Di chi è nemico questo governo

Chissà se almeno stavolta le chattering classes progressiste si tapperanno la bocca, e la pianteranno con la stupida litania neoqualunquista che era meglio quando ci stava Berlusconi, o che alla fine il governo di prima è come quello di adesso, anzi quello di adesso è peggio secondo la vetusta vulgata di sinistra che l’avversario che si presenta bene è più pericoloso di quello sfacciato.

Ma quale avversario. Il governo che vuole cancellare l’odiosa tassa sull’immigrazione è avversario solo della peggior specie di destra che ci sia in Europa oggi dopo gli amici ungheresi di Berlusconi. Gli insulti e le minacce scaricate su Cancellieri e Riccardi dall’ex ministro degli interni (quanto l’abbiamo blandito, questo altro “avversario che si presenta bene”) illustrano bene dove sia in questo momento la parte giusta, il nuovo fronte della ragione e della solidarietà contro il populismo imprenditore della paura. S’è sentita la voce di Livia Turco, in difesa delle intenzioni del governo: ci sarebbe bisogno di un coro un po’ più ampio e convinto ma pazienza, abbiamo capito che nel Pd non fa fino appoggiare con una vera battaglia politica il governo che si sostiene in parlamento. Le dichiarazioni devono contenere sempre un “ma”, un “vedremo”, qualche condizione, la giusta dose di freddezza.

E invece il governo Monti, a partire dalla nomina di Riccardi e dalla anomala ampia tipologia della sua delega, s’è presentato come quello intenzionato a rovesciare la logica dominante nelle politiche dell’immigrazione. Vista, descritta e speriamo sostenuta come un fattore della crescita del paese, non come un’orrenda minaccia. Dirò di più, a costo di far venire il mal di pancia a qualche governatore molto di sinistra e molto preoccupato di proteggere le proprie costituencies.

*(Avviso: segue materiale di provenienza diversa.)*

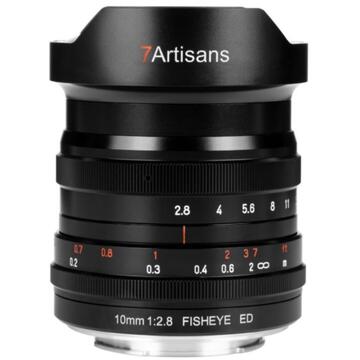 Obiectiv foto DSLR Obiectiv manual 7Artisans 10mm F2.8 Fisheye pentru Nikon Z-Mount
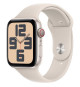 Apple Watch SE GPS + Cellular - 44mm - Boîtier Starlight Aluminium - Bracelet Starlight Sport Band - M/L
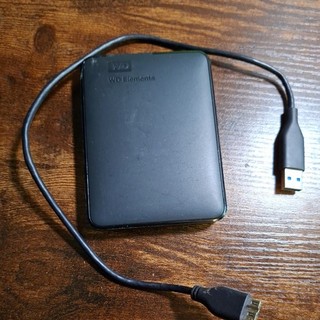 WD Elements Portable External Hard Drive 2TB Basic Storage with USB Cable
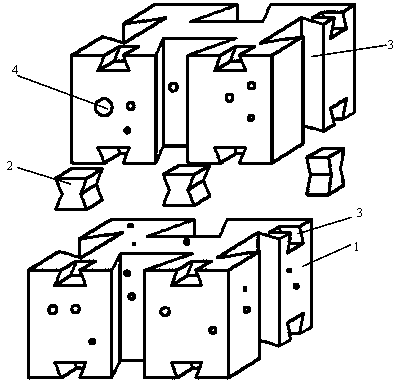 Method for constructing artificial islands with reefs from urban construction waste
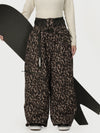 Pantalon de neige ample et résistant pour femme Urban Storm, style freestyle.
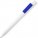 17522.64 - Ручка шариковая Swiper SQ, белая с синим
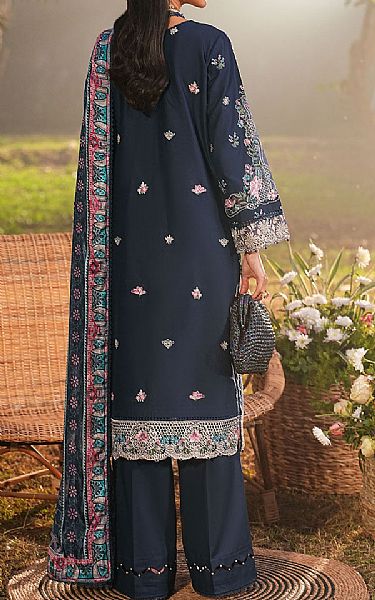 Ramsha Navy Blue Lawn Suit | Pakistani Lawn Dress in USA- Image 2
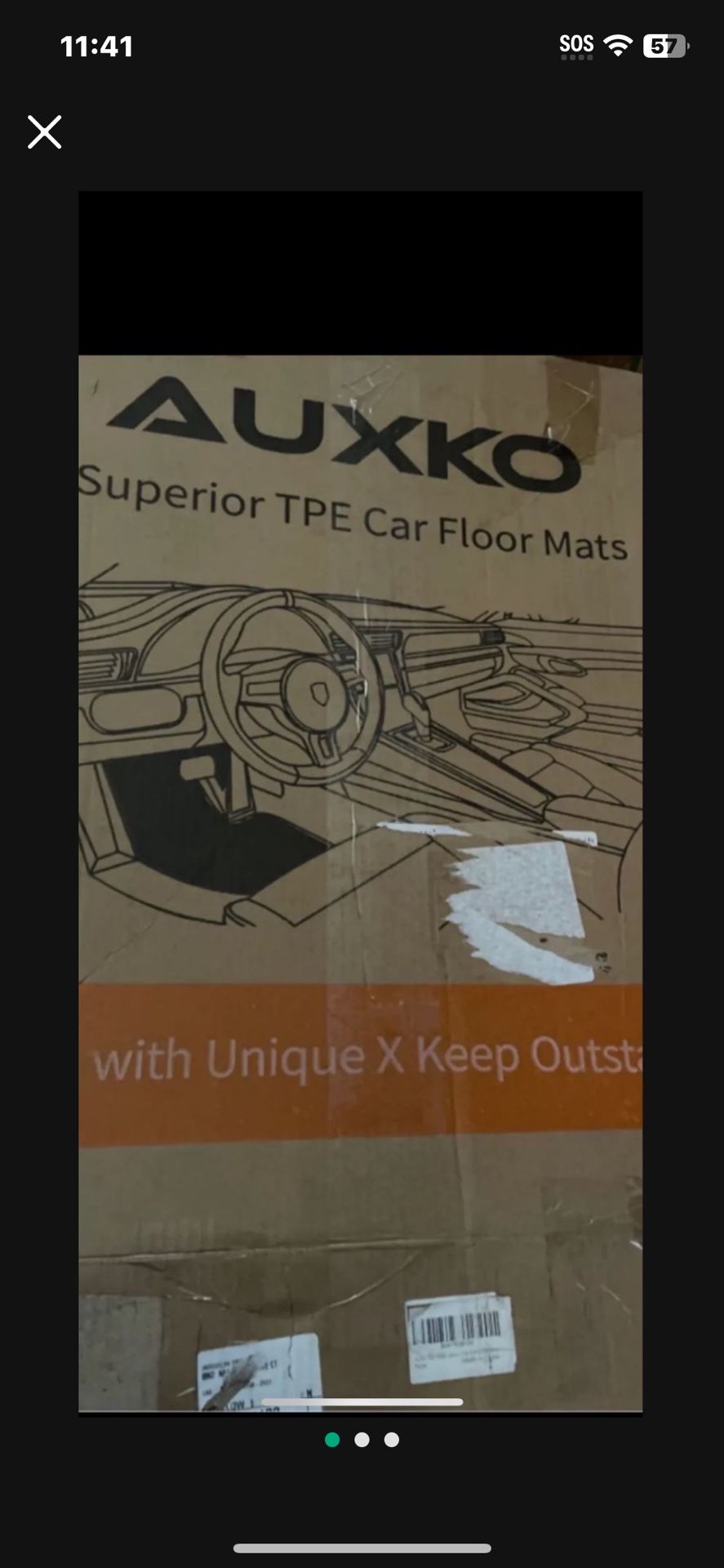 Auxko All Weather Floor Mats for 2016-2022 Jeep Grand Cherokee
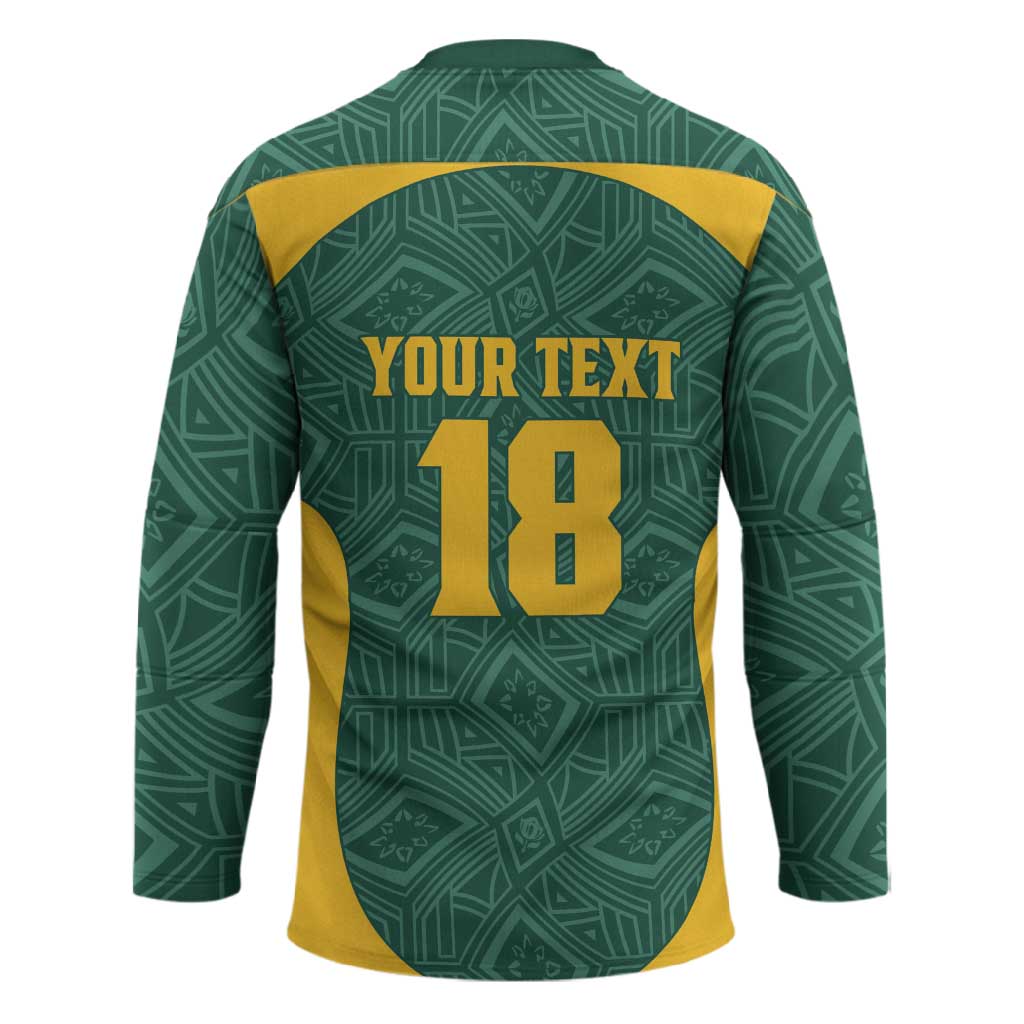 Custom South Africa Soccer Hockey Jersey Bafana Bafana Spirit African Pattern - African Pride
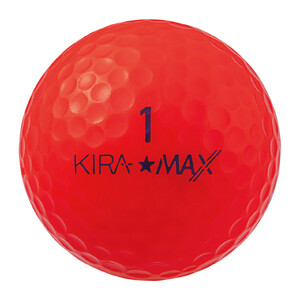 ゴルフボール  KIRA MAX 12球入 3ダース 【カラー：レッド】 ゴルフ キャスコ kasco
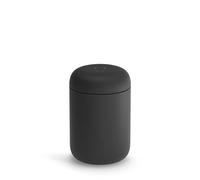 Fellow Carter Everywhere | Taza de viaje | Vaso para café y té de acero inoxidable con aislamiento al vacío, de boca ancha con interior de cerámica | Negro mate | 355 ml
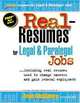 Real Resumes for Legal and Paralegal Jobs (Real-Resumes Series), 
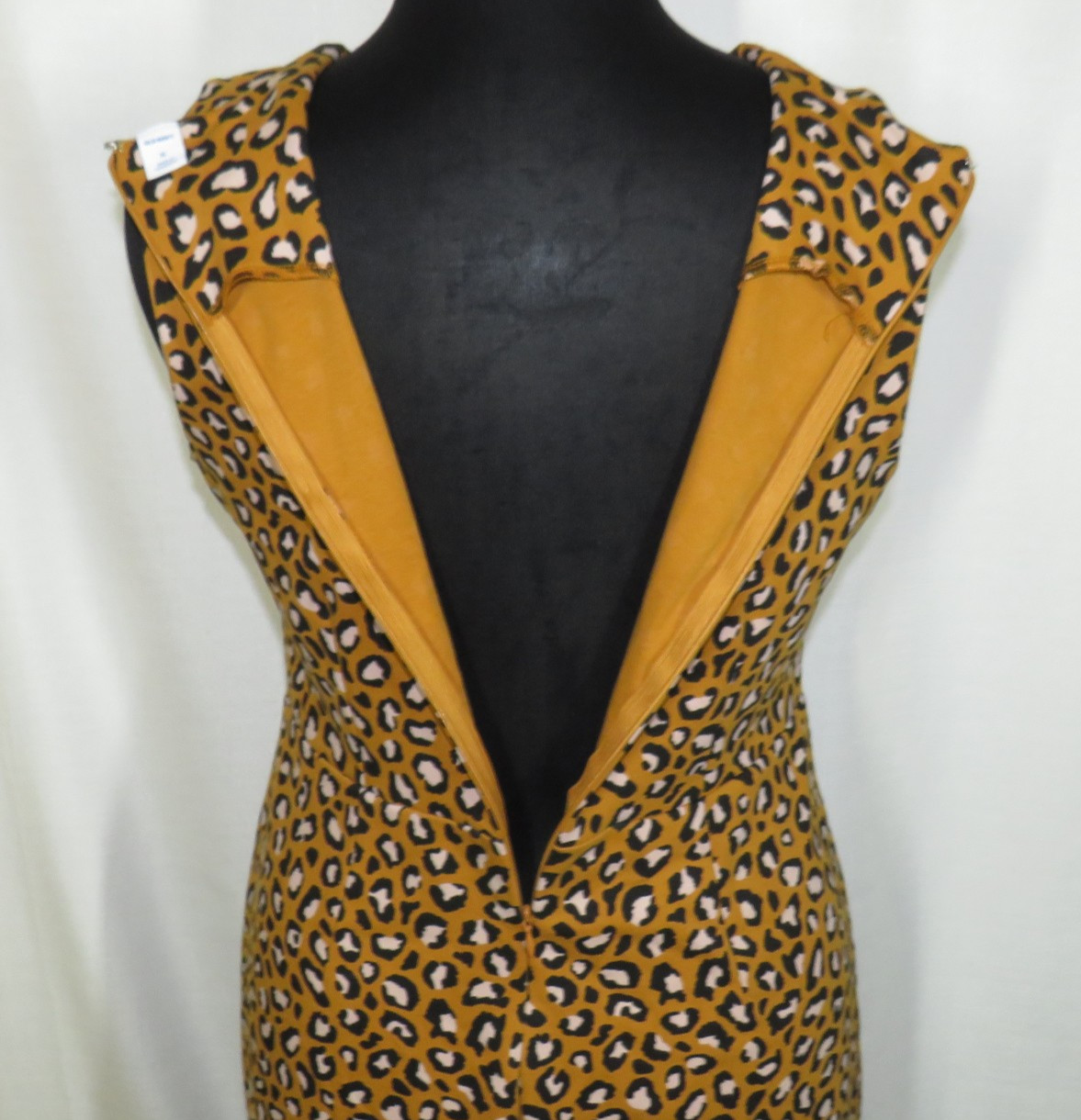 Old Navy Cotton Blend Leopard Print Sleeveless Sheath Dress Size XL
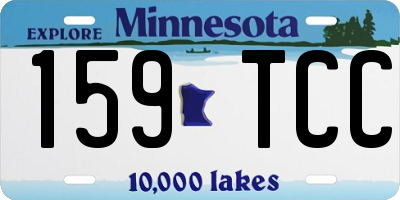 MN license plate 159TCC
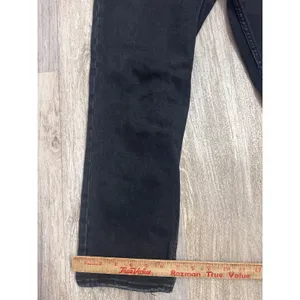 Abercrombie & Fitch Curve Love Ankle Straight Ultra High Rise Black Jeans 28 6R thumbnail 6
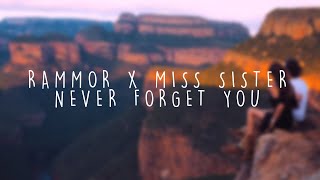 Rammor  Never Forget You feat Miss Sister Official Lyric Video [upl. by Pelagia864]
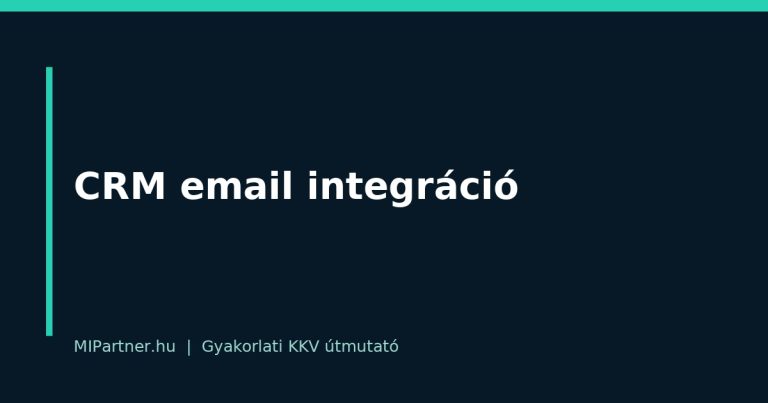 CRM email integráció – gyakorlati útmutató KKV-knak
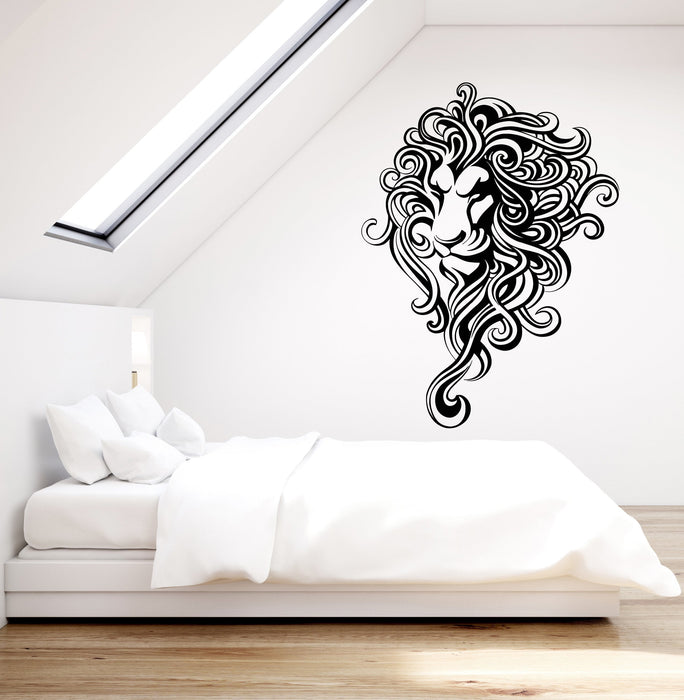 Vinyl Wall Decal Abstract Lion King African Animal Predator Stickers (3030ig)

Se mettiamo insieme le politiche per la liberalizzazione del commercio, le resistenze della rete dei piccoli negozi (che farebbe meglio a seguire i modelli di modernizzazione proposti magistralmente ieri da Dario Di Vico sul Corriere), i flussi demografici e la volontà di piena integrazione degli immigrati nel tessuto economico, abbiamo il quadro di come si accompagna responsabilmente una società nelle sue inevitabili trasformazioni: come in tutte le capitali occidentali, e come è già in tante parti d’Italia, l’allargamento delle possibilità di consumo e di servizio è legato proprio alla presenza di nuovi tipi di posti di lavoro e di lavoratori, da sottrarre preventivamente allo sfruttamento e alla clandestinità.

E se a sinistra ci fosse ancora qualcuno che teme il successo delle parole d’ordine razziste di Maroni e compagnia, ricordiamoci per favore Milano. Era solo sette mesi fa, e scoprivamo che gli italiani si erano rotti delle assurdità della propaganda xenofoba, e che finalmente i progressisti erano stati capaci di battere con l’arma del ridicolo ciò che ridicolo è. Salvini allora, Maroni oggi, loro sì sempre la stessa razza.